(SOURCE DATA begins)

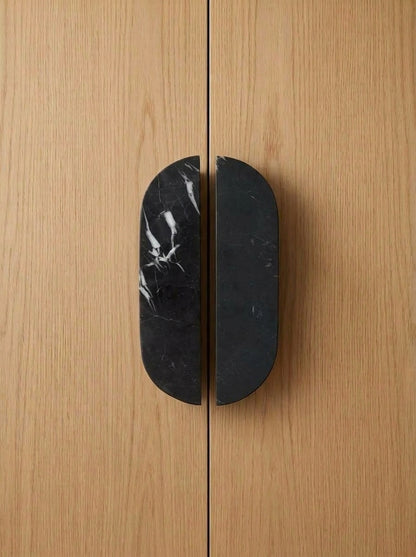 Yukixstone Pill Stone Door Pull - hand-carved oval split pull in Nero Marquina black marble, sold as a pair for wardrobes and double doors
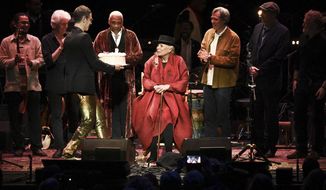 Joni Mitchell is presented with a birthday cake on stage at JONI 75: A Birthday Celebration on Wednesday, Nov. 7, 2018, at the Dorothy Chandler Pavilion in Los Angeles. (Photo by Richard Shotwell/Invision/AP)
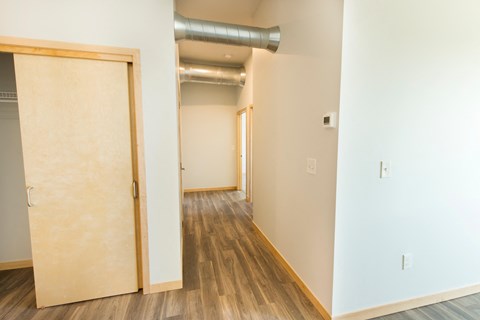 an empty room with a door and a hallway with wood floors and white walls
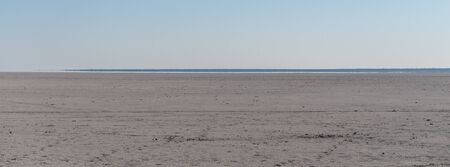 An overview of the empty space of the Etosha salt pan, Ethosha National Park, Namibia.の写真素材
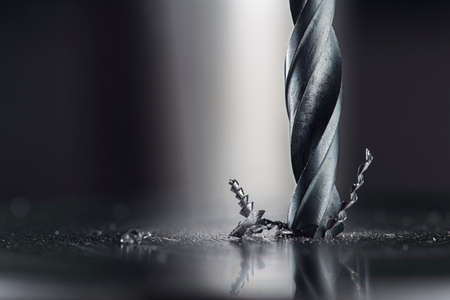 metal drill bit make holes in steel billet on industrial drilling machine. Metal work industry. multi cutting tool and end mill.の写真素材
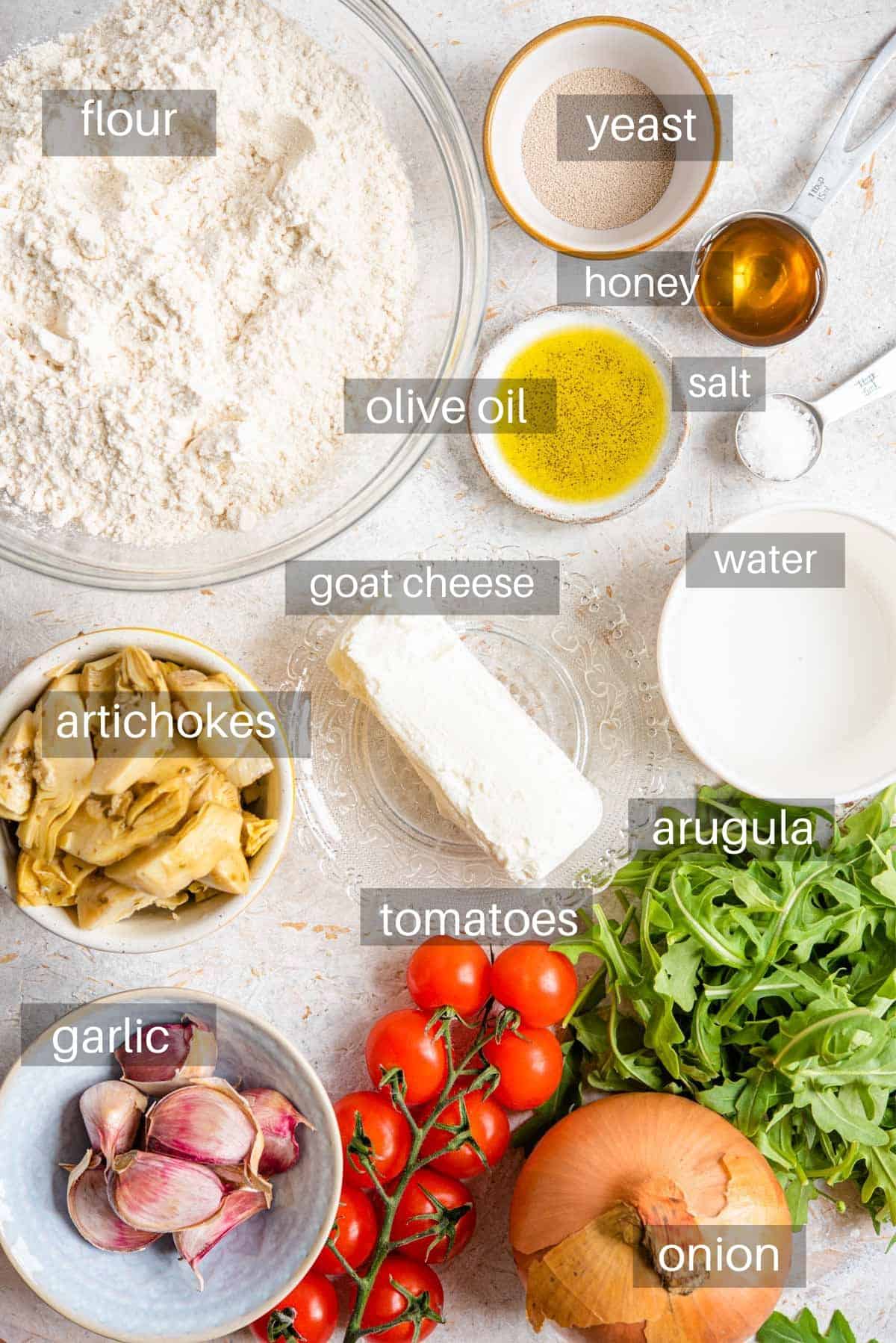 An overhead shot of ingredients you need to make artichoke pizza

(SOURCE DATA ends)

## WHAT IS EXPECTED
Please retype the data exactly, but do not carry over any picture.

## TASK ANSWER
 Yukixstone Pill Stone Door Pull - hand-carved oval split pull in Nero Marquina black marble, sold as a pair for wardrobes and double doors
 Joni Mitchell is presented with a birthday cake on stage at JONI 75: A Birthday Celebration on Wednesday, Nov. 7, 2018, at the Dorothy Chandler Pavilion in Los Angeles. (Photo by Richard Shotwell/Invision/AP)
 an empty room with a door and a hallway with wood floors and white walls
 An overview of the empty space of the Etosha salt pan, Ethosha National Park, Namibia.の写真素材
 metal drill bit make holes in steel billet on industrial drilling machine. Metal work industry. multi cutting tool and end mill.の写真素材
 An overhead shot of ingredients you need to make artichoke pizza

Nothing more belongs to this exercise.